◆ **WHAT THE TASK ASKS**
Once the line with "Charmander card art" is found in the entries below, repeat that line and every one after it exactly, ending at the last.

◆ **DATA IN THIS EXERCISE**

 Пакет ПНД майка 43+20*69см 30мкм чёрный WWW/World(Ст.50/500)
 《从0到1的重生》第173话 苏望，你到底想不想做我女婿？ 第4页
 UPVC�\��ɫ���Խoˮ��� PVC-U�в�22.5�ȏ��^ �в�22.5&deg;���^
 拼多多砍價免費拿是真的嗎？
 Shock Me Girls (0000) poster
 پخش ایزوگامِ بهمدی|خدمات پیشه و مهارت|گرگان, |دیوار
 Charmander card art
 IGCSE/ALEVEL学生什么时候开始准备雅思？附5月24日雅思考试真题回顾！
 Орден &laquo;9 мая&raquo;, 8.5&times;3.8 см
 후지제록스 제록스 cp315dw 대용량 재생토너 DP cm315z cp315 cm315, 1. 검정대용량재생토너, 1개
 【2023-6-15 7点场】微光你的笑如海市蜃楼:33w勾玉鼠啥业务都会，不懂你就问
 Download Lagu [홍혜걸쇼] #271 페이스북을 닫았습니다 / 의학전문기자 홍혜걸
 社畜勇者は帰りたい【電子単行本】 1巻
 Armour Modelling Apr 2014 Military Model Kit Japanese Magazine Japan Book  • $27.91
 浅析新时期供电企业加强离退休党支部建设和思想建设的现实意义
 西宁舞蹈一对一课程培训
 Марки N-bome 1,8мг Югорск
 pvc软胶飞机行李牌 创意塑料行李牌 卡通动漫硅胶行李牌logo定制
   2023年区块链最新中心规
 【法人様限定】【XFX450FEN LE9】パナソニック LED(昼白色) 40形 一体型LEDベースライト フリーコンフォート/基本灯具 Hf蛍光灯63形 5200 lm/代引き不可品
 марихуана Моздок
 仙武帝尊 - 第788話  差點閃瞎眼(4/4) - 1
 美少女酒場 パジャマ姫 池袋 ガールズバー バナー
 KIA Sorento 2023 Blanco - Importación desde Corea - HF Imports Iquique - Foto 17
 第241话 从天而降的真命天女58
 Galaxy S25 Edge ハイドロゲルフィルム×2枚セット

◆ **SOLVED PROBLEM**
 Charmander card art
 IGCSE/ALEVEL学生什么时候开始准备雅思？附5月24日雅思考试真题回顾！
 Орден &laquo;9 мая&raquo;, 8.5&times;3.8 см
 후지제록스 제록스 cp315dw 대용량 재생토너 DP cm315z cp315 cm315, 1. 검정대용량재생토너, 1개
 【2023-6-15 7点场】微光你的笑如海市蜃楼:33w勾玉鼠啥业务都会，不懂你就问
 Download Lagu [홍혜걸쇼] #271 페이스북을 닫았습니다 / 의학전문기자 홍혜걸
 社畜勇者は帰りたい【電子単行本】 1巻
 Armour Modelling Apr 2014 Military Model Kit Japanese Magazine Japan Book  • $27.91
 浅析新时期供电企业加强离退休党支部建设和思想建设的现实意义
 西宁舞蹈一对一课程培训
 Марки N-bome 1,8мг Югорск
 pvc软胶飞机行李牌 创意塑料行李牌 卡通动漫硅胶行李牌logo定制
   2023年区块链最新中心规
 【法人様限定】【XFX450FEN LE9】パナソニック LED(昼白色) 40形 一体型LEDベースライト フリーコンフォート/基本灯具 Hf蛍光灯63形 5200 lm/代引き不可品
 марихуана Моздок
 仙武帝尊 - 第788話  差點閃瞎眼(4/4) - 1
 美少女酒場 パジャマ姫 池袋 ガールズバー バナー
 KIA Sorento 2023 Blanco - Importación desde Corea - HF Imports Iquique - Foto 17
 第241话 从天而降的真命天女58
 Galaxy S25 Edge ハイドロゲルフィルム×2枚セット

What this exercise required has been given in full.